## Exercise
Begin your transcription at the line containing "T-Shirts Heather White/Premium" and continue it, word for word, to the final line below. Include only those lines and skip the pictures.

## Data supplied
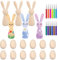 IWTBNOA 30 Stück Ostereier Holz, Osterhase Holz, Ostern Basteln Holz, Holzeier zum Bemalen, Ostern Eggs, Hase Bastelset, Ostern Basteln DIY Holzbastelsets für Ostereier Deko Geschenke Osterdekoration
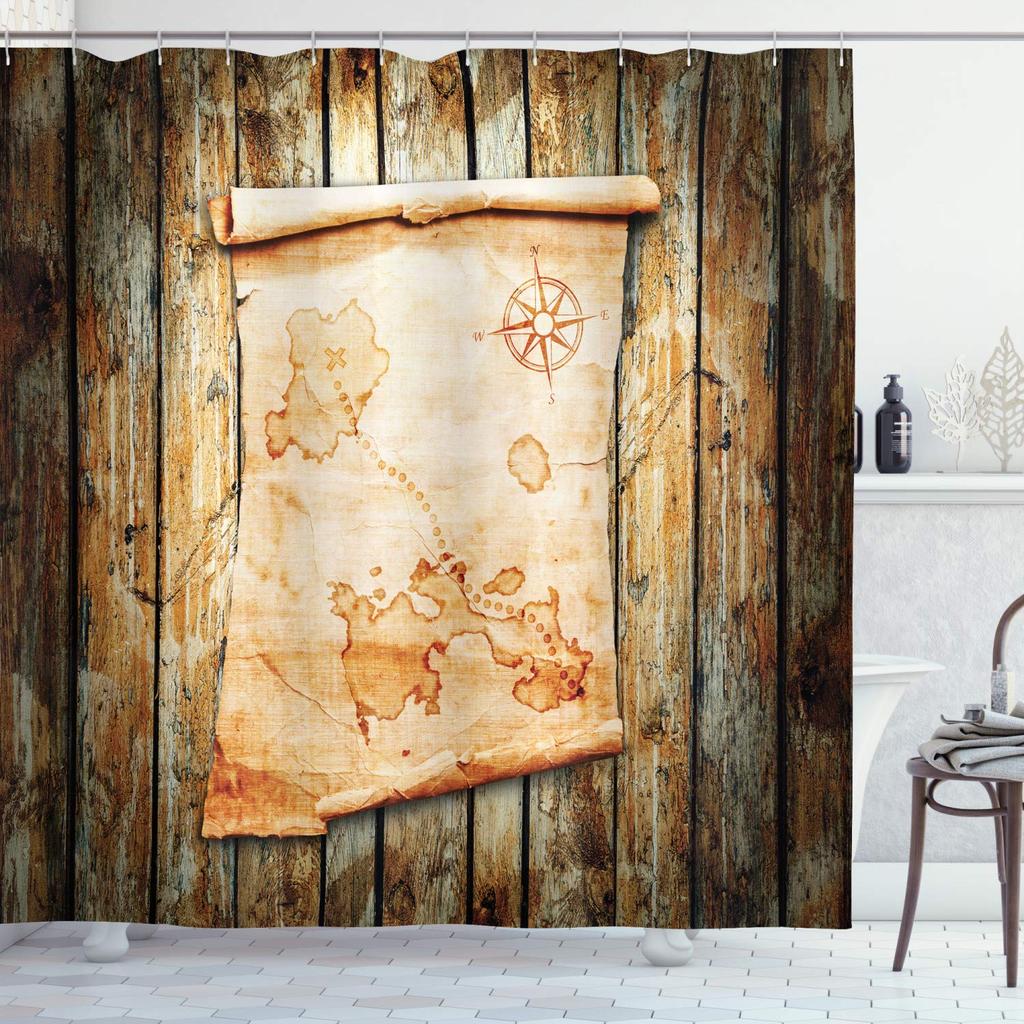 Maritieme Eilandkaart Douchegordijnen, Vintage Oude Kaart Piratenschip Decor Polyester Oceaan Oude Piraten Schatkaart Douchegordijn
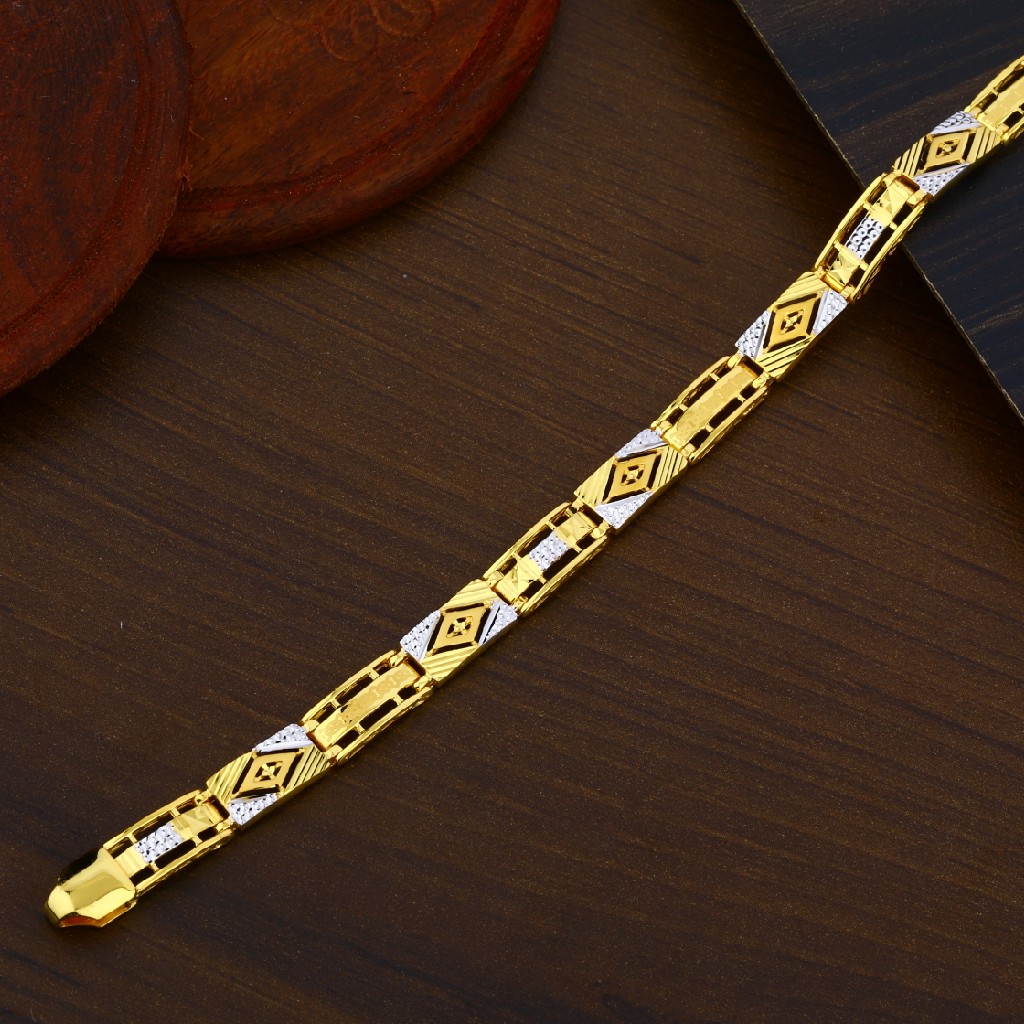Mens Simple Fancy Plain Casting Gold Bracelet-MPB10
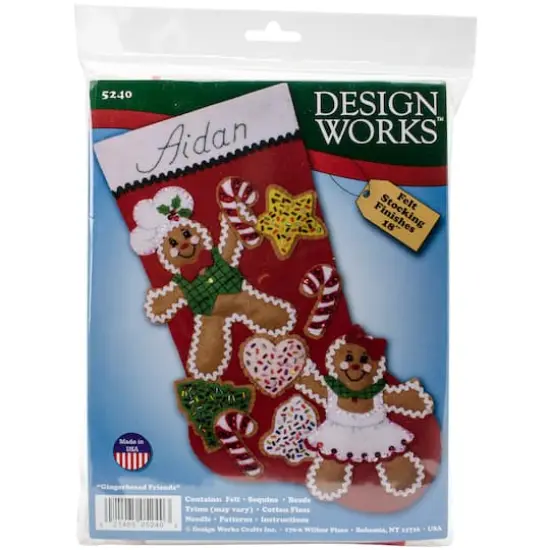 Design Works Gingerbread Friends Felt Stocking Kit {1}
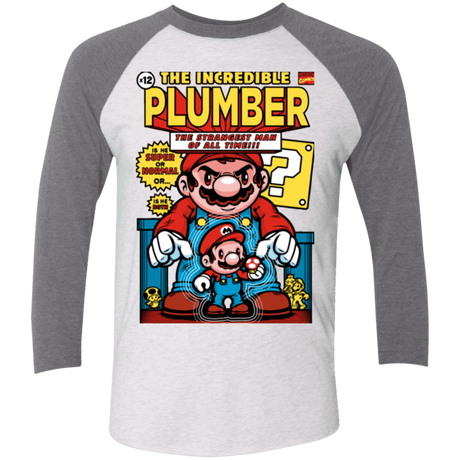 T-Shirts Heather White/Premium Heather / X-Small incredible PLUMBER Triblend 3/4 Sleeve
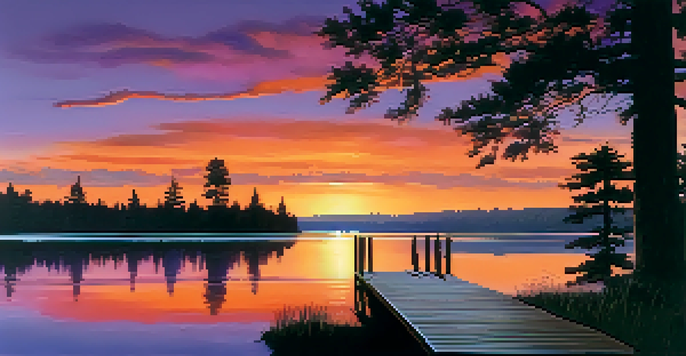 A beautiful sunset over a calm lake with colorful reflections, silhouetted trees, and a wooden dock.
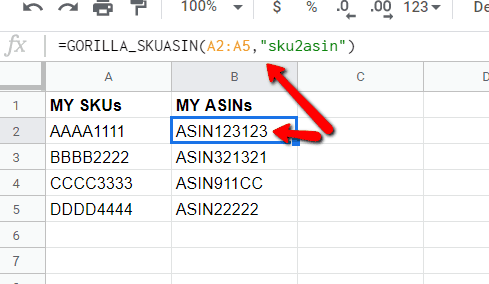 sku to Amazon ASIN - Step 2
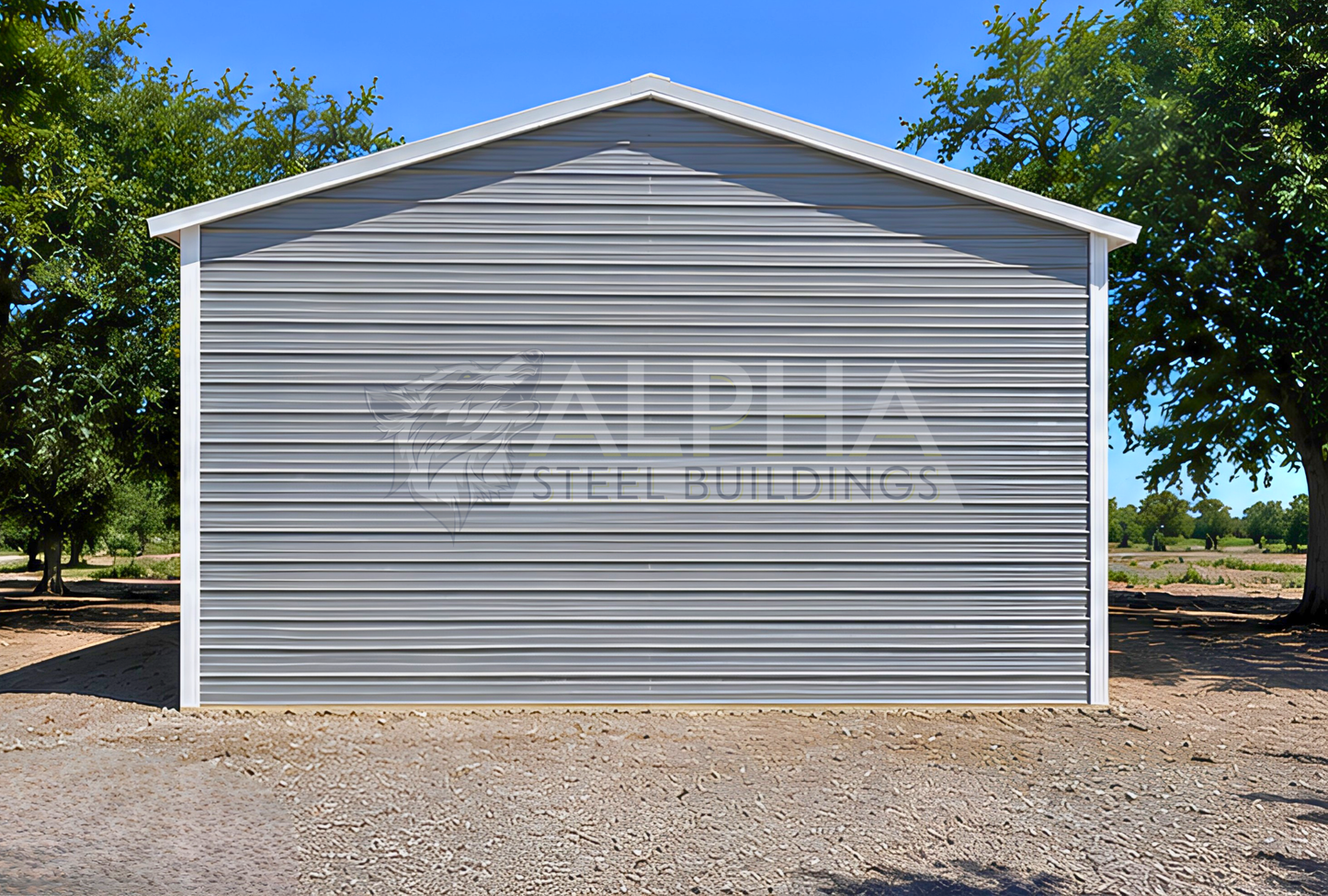 26x60x12 A-frame steel building with vertical roof and fully enclosed horizontal-panel end, rear view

## Result
 T-Shirts Heather White/Premium Heather / X-Small incredible PLUMBER Triblend 3/4 Sleeve
 A beautiful sunset over a calm lake with colorful reflections, silhouetted trees, and a wooden dock.
 sku to Amazon ASIN - Step 2
 26x60x12 A-frame steel building with vertical roof and fully enclosed horizontal-panel end, rear view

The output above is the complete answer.